事業モデル
同社は、五大港(神戸・大阪・名古屋・京浜・横浜)を拠点に、輸出、輸入、国際、倉庫の各部門を展開する海貨系国際物流事業者です。輸出・輸入の各工程において、書類作成から通関、港湾での荷役、国内配送までを一貫して担う体制を構築しています。
さらに、海外の拠点と連携したドア・ツー・ドアの輸送や、自社保有の倉庫設備を活用した保管・仕分け業務も提供しています。物流の高度化に対応するため、IT環境の整備やデジタルフォワーディングの推進など、DXを通じた付加価値の向上にも取り組んでいます。
KPI
当連結会計年度の営業収入は、前年同期比1.2%減の164億47百万円余を記録しました。一方で、適切な料金収受や自社施設の活用により、営業総利益は前年同期比4.4%増の10億81百万円余へと改善しています。

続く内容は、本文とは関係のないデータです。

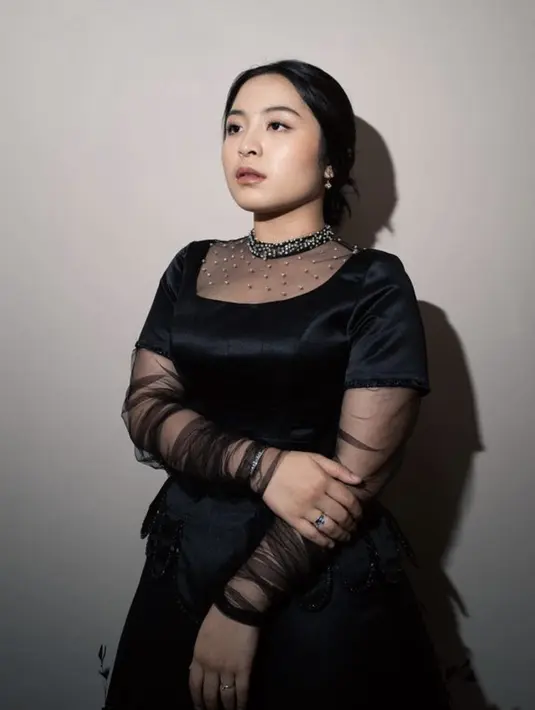 Pulasan makeup-nya begitu sederhana dan flawless. [Foto: Instagram/ Bernadya]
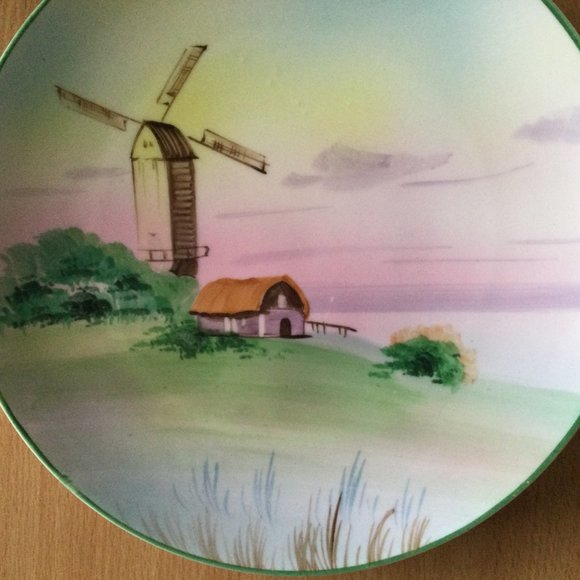 Vintage Hand painted Nippon plate windmill house 8" diameter - Picture 4 of 5
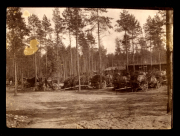Militärlager mit Wagen in einem Waldgebiet, Heer S.M.W. Zug 48 P.B. 11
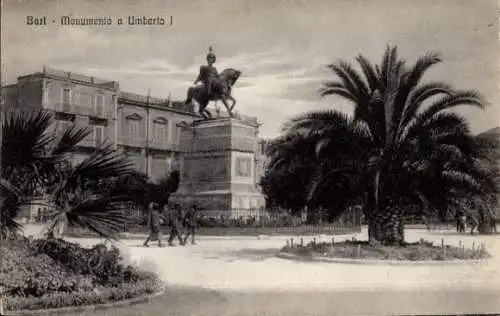 Ak Bari Puglia, Reiterstatue von Umberto I, Palmen, Platz, Gebäude im Hintergrund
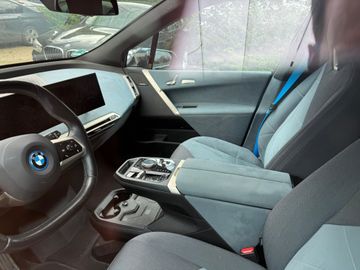 BMW iX xDrive50 Sportpaket HK HiFi DAB Pano.Dach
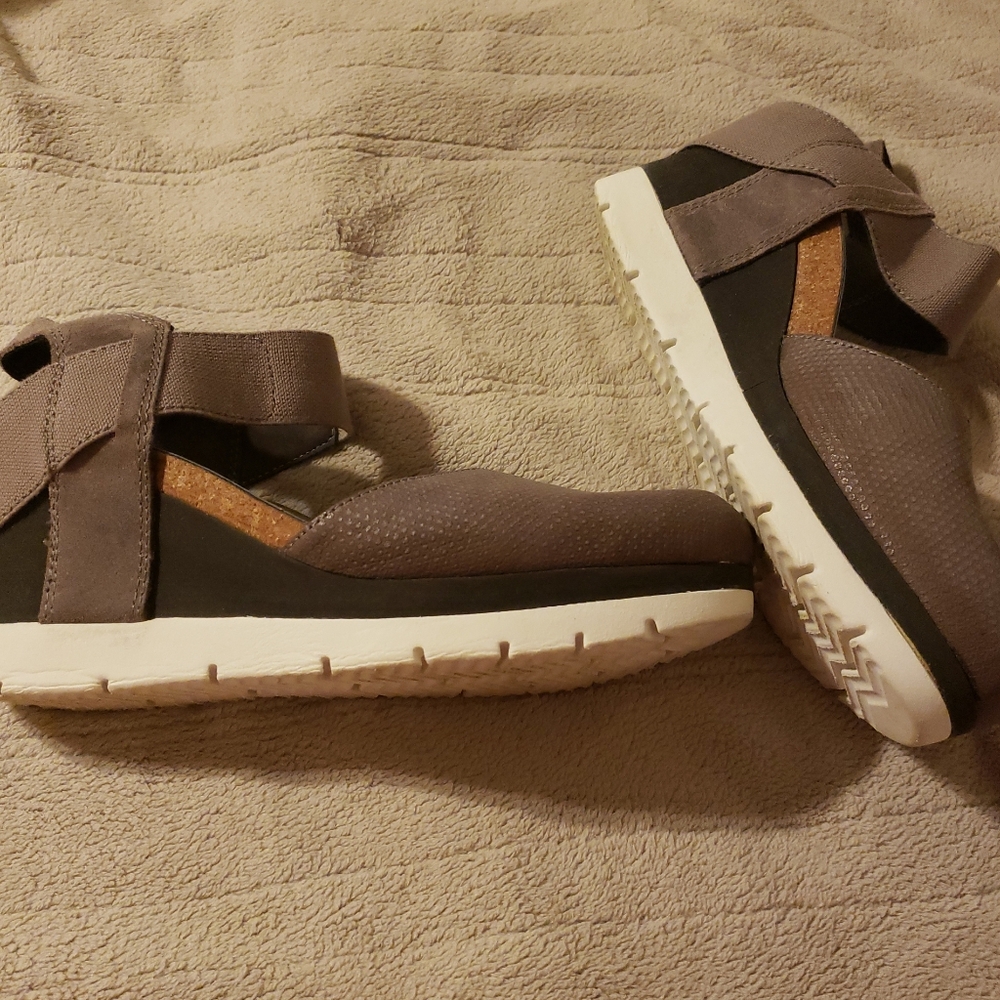OTBT Carry On Wedge size 11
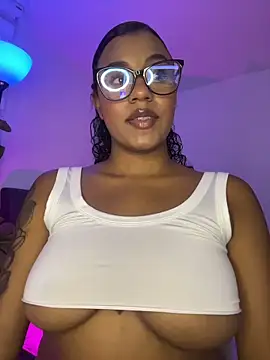 charlotteeruss online show from 11-05-25, 03:39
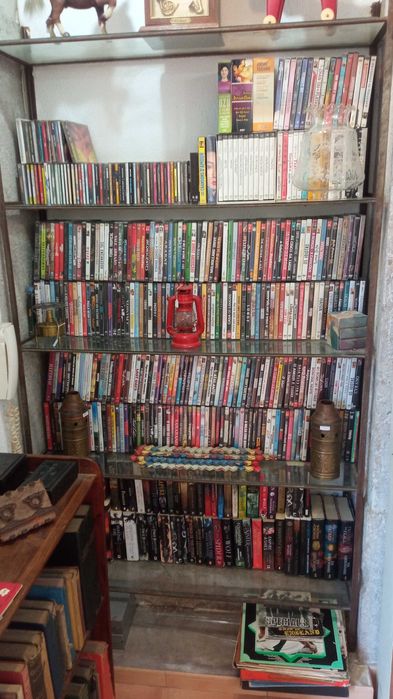 Vendo DVDs e CDs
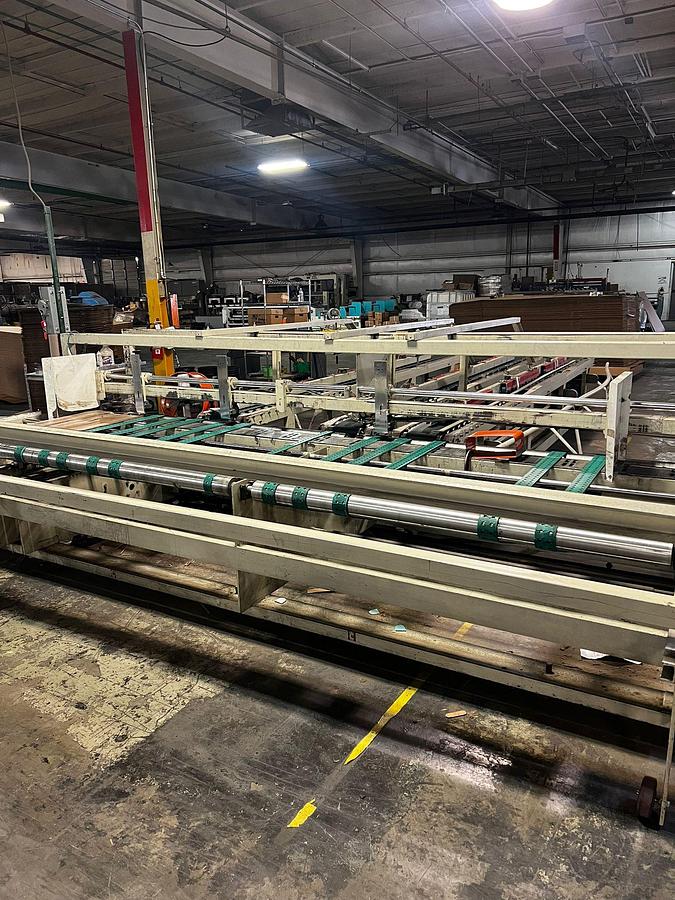 Used 2 piece Gluer machine with glue wheel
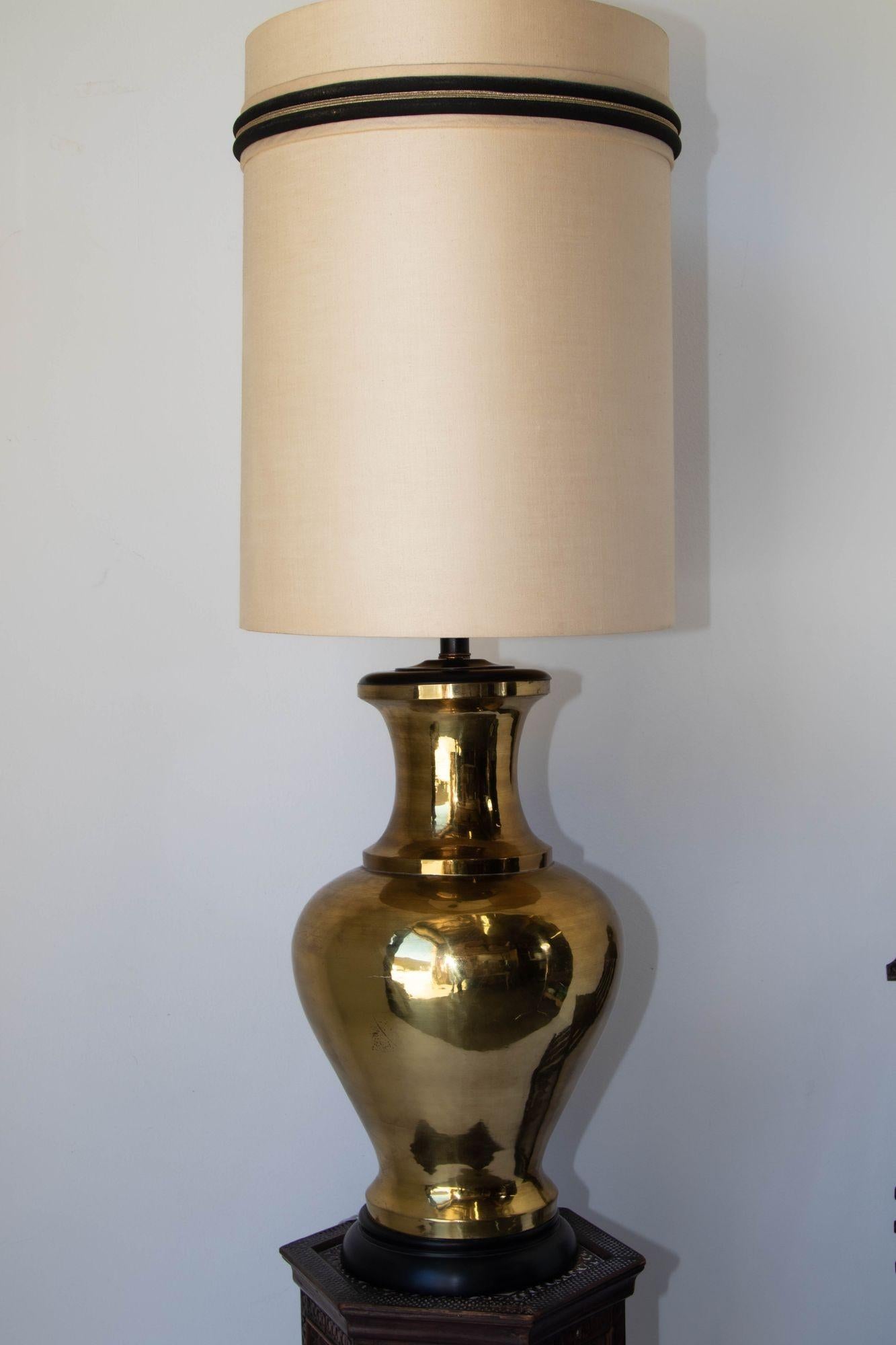 Hand-Crafted Mid-Century Modern Polished Brass Large Scale Chinoiserie Urn Table Lamp, 1950 For Sale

セグメント別では、輸出部門の営業収入が前年比0.1%増、輸入部門は前年比1.7%減となりました。国際部門の営業収入は前年比1.6%減となりましたが、倉庫部門やその他の事業では、前年比で高い成長率を記録しています。
成長ドライバー
今後の成長に向け、同社はDXの推進による業務の効率化と、デジタルフォワーディングとしての地位確立を目指しています。具体的には、港湾関連データ連携基盤の構築により、貿易手続きの電子化や基幹システムとの連携強化を推進しています。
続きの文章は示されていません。